Evet, bu yazılar çok kötü, çünkü Erdoğan’ın da Tunuslu bin Ali, Libyalı Muammer Kaddafi, Mısır’lı Hüsnü Mübarek, Suriyeli Beşşar Esad, Umman Sultanı Kâbus ve Yemenli Ali Abdullah Salih gibi miadını doldurduğunu ortaya koyar. Bu ülkelere karşı kampanyalar ilk defa dış yönetimlerce değil, bu yabancı basın organlarınca başlatıldı. Bu ülkelerin liderlerinin ortak yanı diktatörlük ve halkın hakkını polis devleti ile yok saymaları.
Wall Street Journal gazetesi de bu konvoydan geri kalmadı, Tayyip Erdoğan, İslam dünyasının en güçlü liderlerinden biri diye yazdı. İyi de Mübarek, Esad, Sultan Kâbus ve bin Ali de öyle değil miydi? Ne oldu üç ay içinde sığınacak yer aramaya başladılar. Acaba bizimkiler de yer aramaya başladılar mı? Esas haber bu, bunu bulmak lazım.
Seçimi de ezici kazanabilirsiniz ama unutmayın bu yukarıda adlarını saydığım liderler de silme ve halklarının oyu ile ülkelerinin başında olduklarını savunuyorlardı. Hatta Mübarek ile Tunuslu Ali’nin oyları Tayyip Erdoğan’ın yüzdesini ikiye katlayacak boyuttaydı. Ama ağalar düşünce, ortaya çıktı ki bu seçimler ve oyların büyük bir kısmı hile hurda ile alınmış.
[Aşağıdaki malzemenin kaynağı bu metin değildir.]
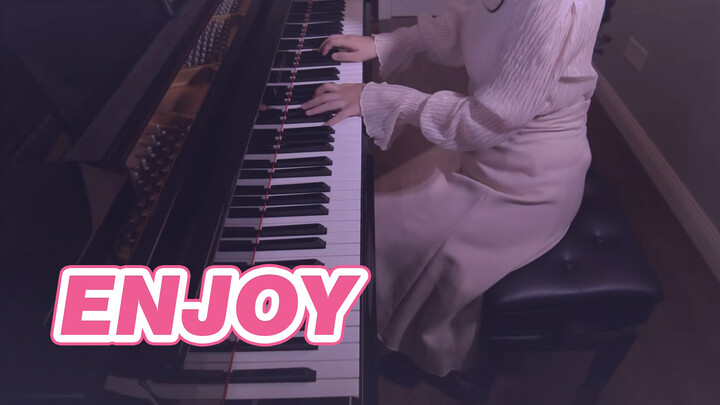 Pertunjukkan|Piano|"Uchiage Hanabi"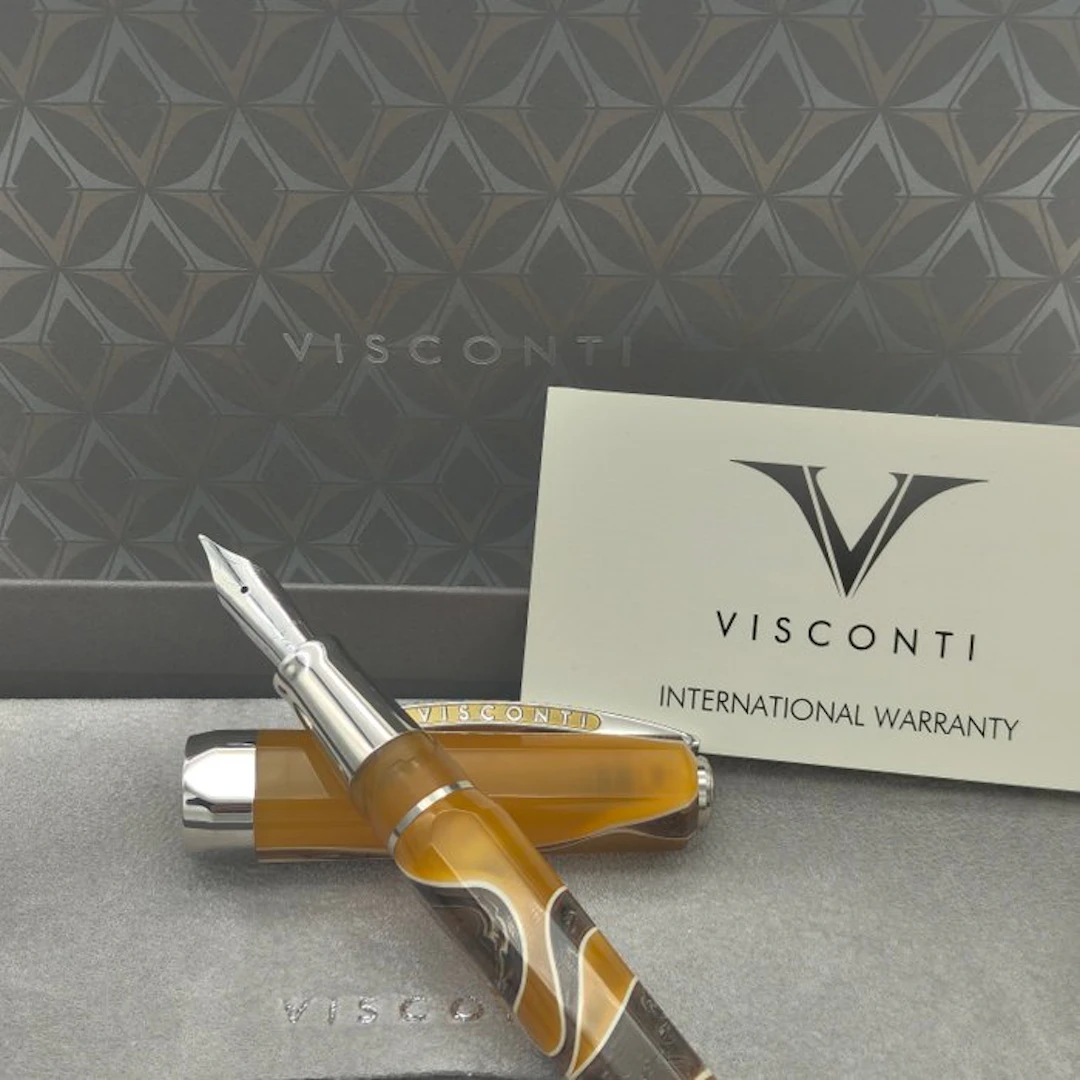 Visconti - Opera Master Savanna Limited Edition 341/888 - Fountain pen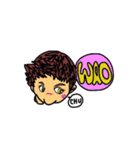 BABY-K（個別スタンプ：4）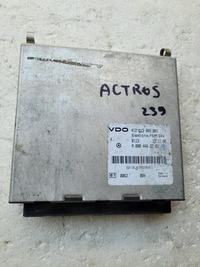 фото thumb №1, Mercedes actros бортовой компьютер модуль a0004462702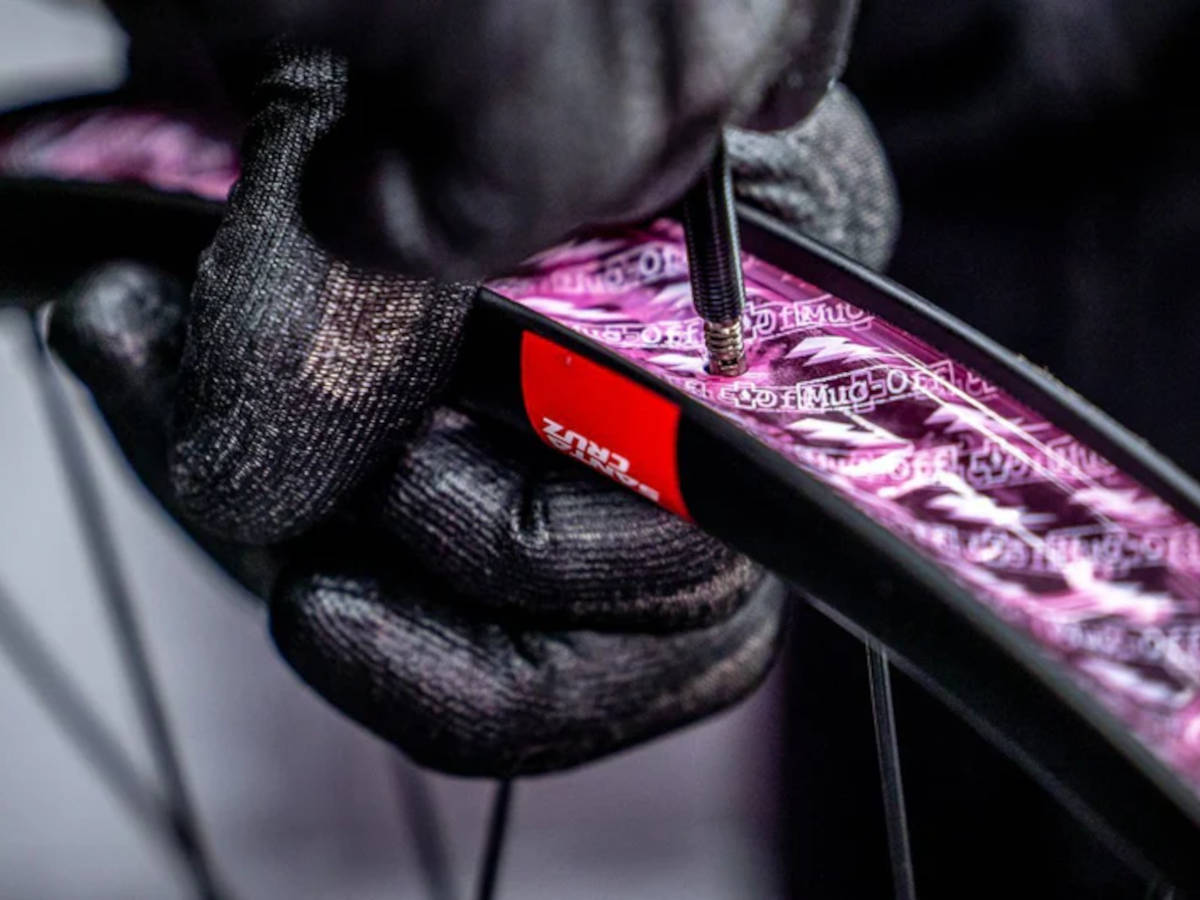 Muc-Off Ultimate Tubeless Setup Kit. Imagen: Muc-Off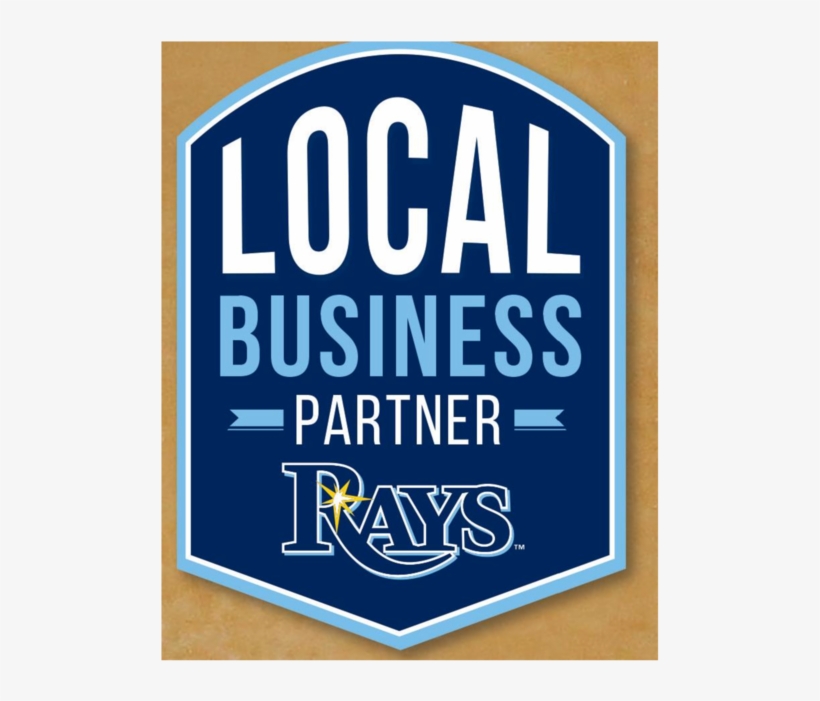 Be Our Guest At The Rays Club - Tampa Bay Rays, transparent png download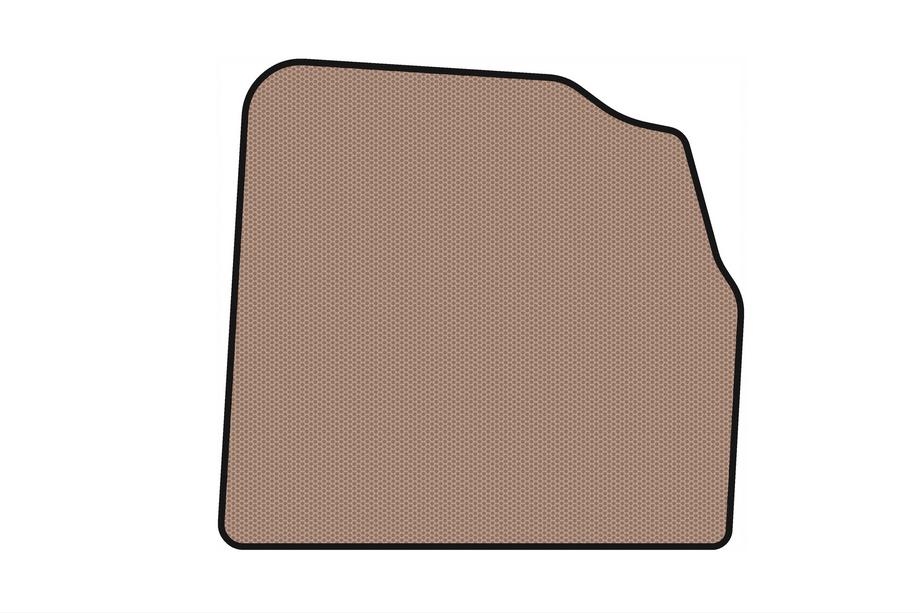 Audi 80 1978–1986 Gummimatta till bagageutrymmet Carsuit (Sedan, beige) Image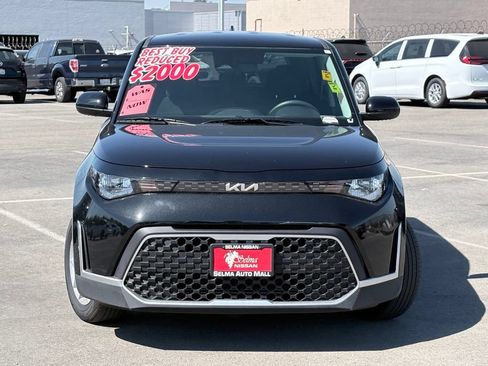 Used 2025 Kia Soul S FWD image 3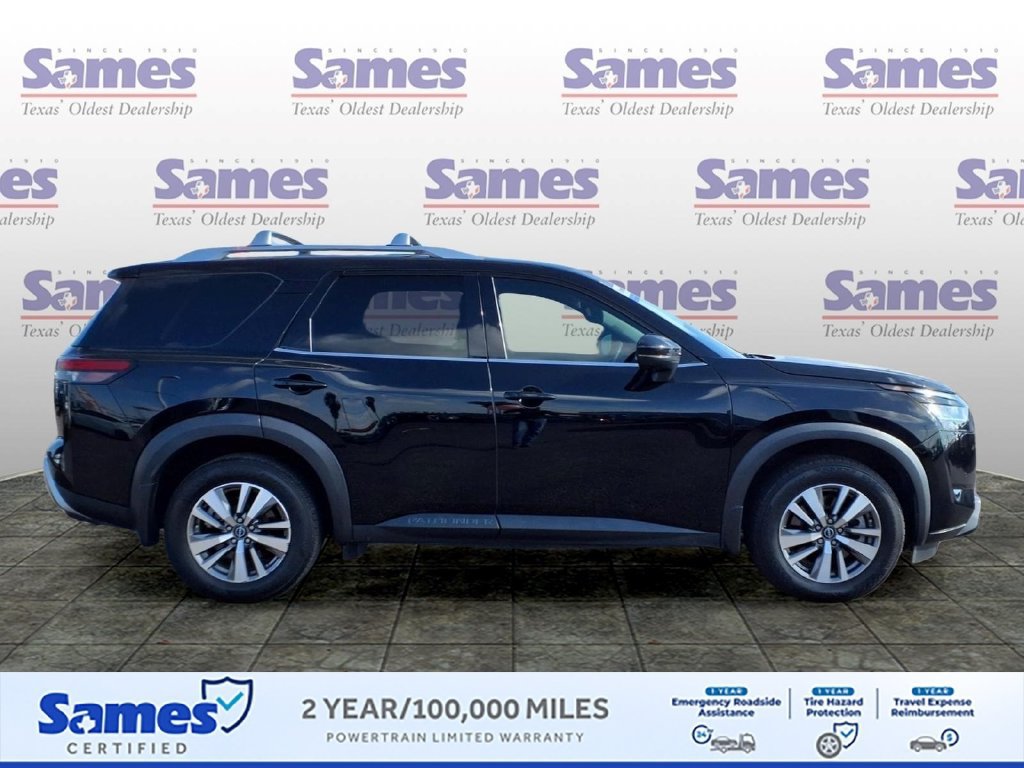 Used 2023 Nissan Pathfinder SL FWD image 8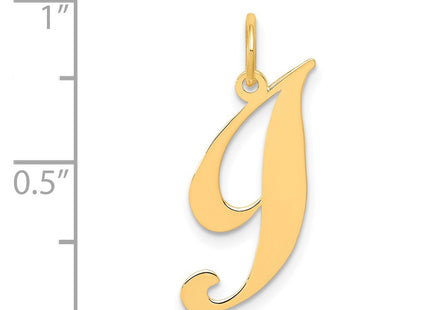 14k Yellow Gold Jewelry Style YC650I - Classique Jewelry Inc.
Erdoğan hükümetinin iktidardan uzaklaşması ile göreceğiz ülkede ne dolaplar çevrilmiş, ne dümenler tutulmuş. İşte bu nedenle iktidarları sırasında suistimal yapan hükümetler ne pahasına olursa olsun iktidardan uzaklaşmak istemezler. Örnekleri, pirleri Necmettin Hoca. Odalar Birliği’nde seçimi kaybettiğinde koltuğu ile çıkarılmıştı. Her halde Erdoğan’ı da Başbakanlıktan öyle çıkaracaklar. Bakmayın bırakır giderim laflarına, gidemezler ve hatta gitmezler.
Bu arada Erdoğan’ın oğlunun Maryland eyaletinde satın aldığı ev konusu gündemde. Aslında bu evin sahibi olmaları yeni bir şey değil zaten belgeleri de gizlenemez. Ben 2005 yılında hem evin resimlerini hem de tapu kayıtlarını haber yapmıştım. Aslında bu konuda önemli olan iki nokta var. Bu evin borcu ev kredisini veren kuruma ödenmiş midir? Bu ödeme nasıl yapılmıştır? Türkiye’den para mı transfer edilmiştir yoksa bir sermayedar bu ödeme için gerekli olan parayı mı vermiştir? Eğer öyleyse bu kişiye ne tür bir kıyak yapılmıştır. Elime ulaşan konuyla ilgili bazı bilgileri de teyid edilince yayınlayacağım.